Investors can file a case for arbitration or mediation with FINRA. What to anticipate during the arbitration or mediation will be covered in this article. After you file a Statement of Claim, FINRA sends both parties a list of potential arbitrators with their background and career information. Both parties rank the arbitrators in order of preference.
Investors who suffer losses due to the negligence or misconduct of their financial advisors or brokerage firms may choose arbitration to seek compensation. While investors can file a criminal complaint against their broker or firm, arbitration provides a quicker and less costly alternative. When a dispute is filed, FINRA assigns the case to an arbitrator or panel of arbitrators. FINRA sends each party an identical list of potential arbitrators, including a disclosure report with detailed information on each person, background, education, and training. The parties rank the arbitrators not stricken from the list in order of preference and submit their choices to FINRA. At the initial pre-hearing conference, which is held telephonically, the arbitrator or panel will set discovery and briefing deadlines and other hearing dates and discuss any other preliminary issues the parties raise.
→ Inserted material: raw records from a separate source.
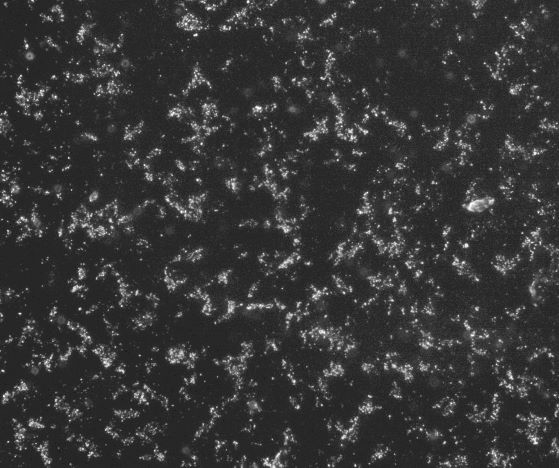 Percent Obscuration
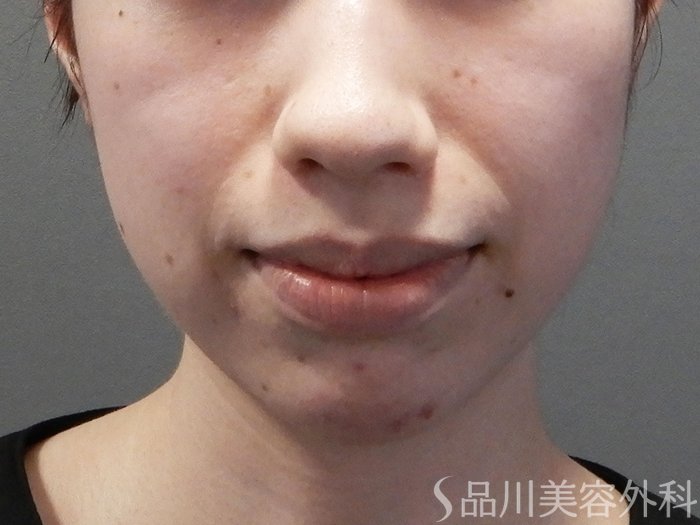 症例NO.71934のBEFORE写真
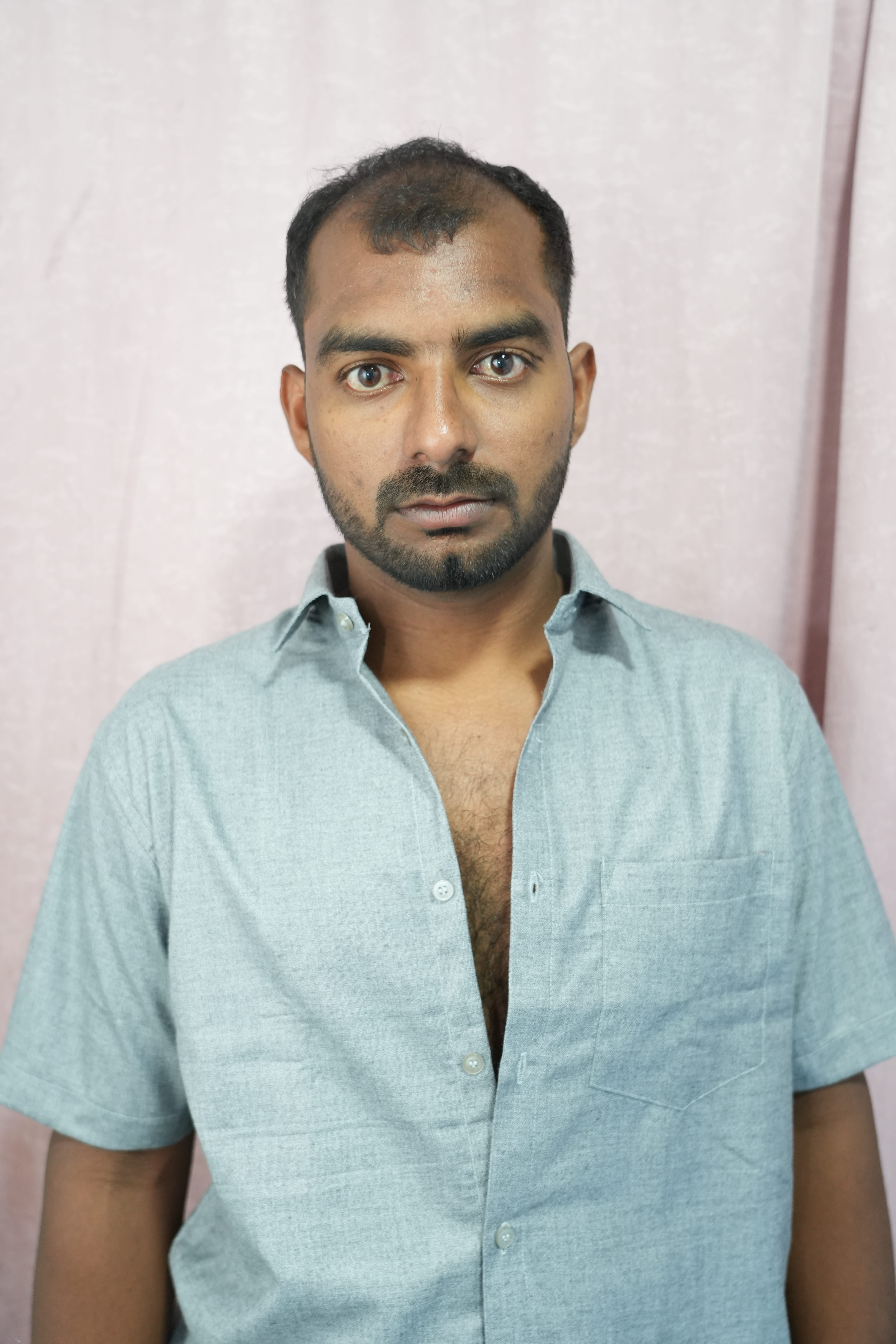 Before Beard Transplant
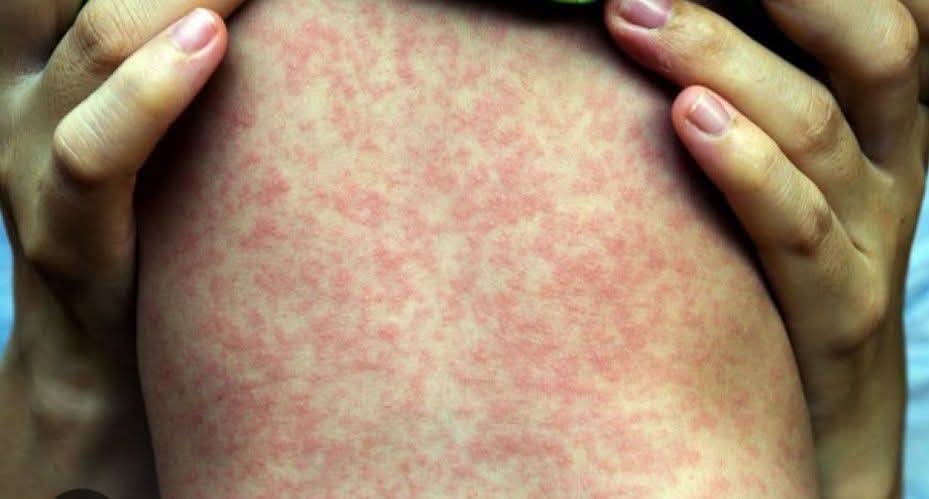 Улаан бурханы вакцин бол Монгол улсад 1973 оноос  хойш 50 гаруй жил амжилттай хийгээд явж бсан товлолт вакцин. 
Гэвч вакцин эсэргүйцэгч нарын муйхар ятгалгын үр дүнд хүүхдүүддээ вакцинд хамруулаагүйгээс  болж олон хүүхдүүд улаан бурхан өвчнөөр өвдөж бас нас барж бна. 
Вакцин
It is common for parties to schedule multiple meetings with a single arbitrator or panel of arbitrators to discuss various topics, which saves time and resources.
Currently, parties may cancel pre-hearing conferences on short notice without incurring a penalty. However, arbitrators' time and effort preparing for pre-hearing meetings could be better spent when withdrawn at short notice. Consequently, late cancellations reduce the incentives for experienced arbitrators to participate in the FINRA arbitration forum and can increase scheduling inconveniences for FINRA staff.
Once you've filed a Statement of Claim, FINRA will assign your case to an arbitrator. The respondent—typically a financial advisor or brokerage firm—will then file an answer, typically denying the charges you've made. Alternatively, the parties can choose to mediate their dispute. A trained, impartial mediator facilitates negotiations between the parties and helps them resolve. A settlement is reached in more than 80% of mediations. During a FINRA arbitration hearing, you will have the opportunity to present evidence and question witnesses. Most claimants hire a FINRA arbitration lawyer for guidance and support. You can also represent yourself. Many law schools offer legal representation through securities arbitration clinics.
The first step is filing a Statement of Claim, which includes the nature of your claim and what damages you're seeking. You must also file a submission agreement and pay the necessary fees to start the arbitration process.
You'll attend a pre-hearing conference after assigning your case to an arbitrator. It is a chance for you to discuss procedural issues with the arbitrator and ask questions about discovery and the hearing schedule. Then, the arbitrator will name a panel of three arbitrators to hear your case. If the arbitration panel finds your favor, they'll issue an award, requiring the financial advisor or brokerage firm to pay you your damages.
When a claimant and the brokerage firm agree to mediate, a neutral third party helps them find a mutually acceptable solution. It's typically faster than arbitration and less costly. In addition, mediation sessions are private and confidential, so what is said during negotiations cannot be used in court if the dispute goes to trial. FINRA's mediators often have subject-matter expertise so that they can provide an expert yet unbiased view of the strengths and weaknesses of each party's case. They can also help the parties see how their dispute fits into broader commercial issues. In some cases, the mediator may suggest a settlement. Unless both parties agree to settle, however, the mediation is non-binding.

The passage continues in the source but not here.